ArcSoft got in touch with me to ask if I would like to review their Portrait+ editing package. It's an automated portrait editing programme that detects upto 20 faces in any photo and allows you to apply 28 preset functions to your subjects, to apply more specific 'DIY' actions, including eye brightness, smile depth, and skin quality, and to create your own presets from these specific actions if you want. You can even apply makeup. Once you've loaded up Portrait+ you import an image, wait for the programme to detect the face, and then get to work. Unless the face is perfectly square-on in the frame, the software can have a few problems pin-pointing features, so it pays to look at where it thinks the key points are and adjust them as necessary.
It also cannot identify faces that are in profile or at awkward angles. For these, there is no way of manually identifying the features, which means that they can't be treated in Portrait+. You can also ensure that all of the skin area is covered for adjustment, and you can paint in or paint out areas that the programme doesn't quite catch.
The first photo ran through Portrait+ was one of my mother. I was pleased with the effect of the very lightest touch (Cleanse 1) to her face, but anything above that felt excessive and unnatural. It was easy for her to slip from being elegant to plastic. This was especially true of any of the makeup packages. I'm also not the sort of person to go in for face-slimming or nose-enhancement. If you need to make use of these functions, however, they are there and you can apply them either as a part of a preset (for example, Cleanse 3 and Deepen Smile) or as a DIY action, which allows you to decide how deep you want to make the smile and then pair it with Cleanse 1 if you prefer.
A photo of my cousin was more tolerant of the more extreme preset adjustments, but it was still all too easy to push things too far and leave her looking like a Barbie doll than a living, breathing, producer of theatrical shows.
It's easy to fix spots, marks, and aberrations in skin tone with the blemish removal tool, and it works well in combination with the lighter touch presets.
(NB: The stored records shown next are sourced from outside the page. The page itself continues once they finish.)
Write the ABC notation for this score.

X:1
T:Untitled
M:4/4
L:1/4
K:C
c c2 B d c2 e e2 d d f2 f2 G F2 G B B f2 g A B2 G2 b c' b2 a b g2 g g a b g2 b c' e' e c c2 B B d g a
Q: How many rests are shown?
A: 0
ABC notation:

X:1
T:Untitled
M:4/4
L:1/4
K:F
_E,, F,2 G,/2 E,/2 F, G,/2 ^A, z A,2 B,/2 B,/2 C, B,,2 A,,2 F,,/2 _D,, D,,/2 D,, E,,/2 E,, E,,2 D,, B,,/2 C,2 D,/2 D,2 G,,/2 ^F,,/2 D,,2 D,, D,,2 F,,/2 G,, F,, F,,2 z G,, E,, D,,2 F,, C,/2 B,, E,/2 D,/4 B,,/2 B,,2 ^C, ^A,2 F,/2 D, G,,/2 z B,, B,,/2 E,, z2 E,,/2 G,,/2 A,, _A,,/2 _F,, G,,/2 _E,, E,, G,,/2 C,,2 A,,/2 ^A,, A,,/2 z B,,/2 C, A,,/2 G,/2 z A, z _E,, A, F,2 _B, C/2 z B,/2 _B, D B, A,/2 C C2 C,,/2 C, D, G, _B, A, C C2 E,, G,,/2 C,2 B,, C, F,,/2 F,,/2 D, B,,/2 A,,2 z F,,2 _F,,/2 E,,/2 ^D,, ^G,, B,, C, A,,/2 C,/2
This is where I think Portrait+ is at its most successful. Use it to remove circles from around the eyes, fix any obvious blemishes, and gently even out skin tones, and you can produce an improved but still natural looking portrait.
While I find that some of the effects are far too extreme for my tastes and I'm not the kind of person to go in for face slimming and cheek lifting, it is an easy way to take a portrait and clean it up. The 'Remove Circles' function is a very easy fix for tired looking eyes that enhances someone's appearance without looking false. Unfortunately, I don't think that I can justify $150 for a bit of eye improvement alone.
If you take a lot of portraits, and you need a standardised and easy editing programme, you could well find Portrait+ a valuable asset in your arsenal. However, if you take a lot of portraits that involve profiles or slightly obscured faces, the inability of Portrait+ to detect them won't make it useful for you. And of course, if you prefer to keep a tight reign on your edits and make precise adjustments, it won't fulfil your needs either. It's too much of a broad brush product. The good thing is that you trial it for free and decide if Potrait+ will meet your needs, or not. Should you decide it is for you, here's a 45% discount coupon for you, too. Use the code Portrait45.
Portrait+ 3.0 is available for Windows systems, and offers even more functionality than the Mac version that I tested. That should be ready soon, though.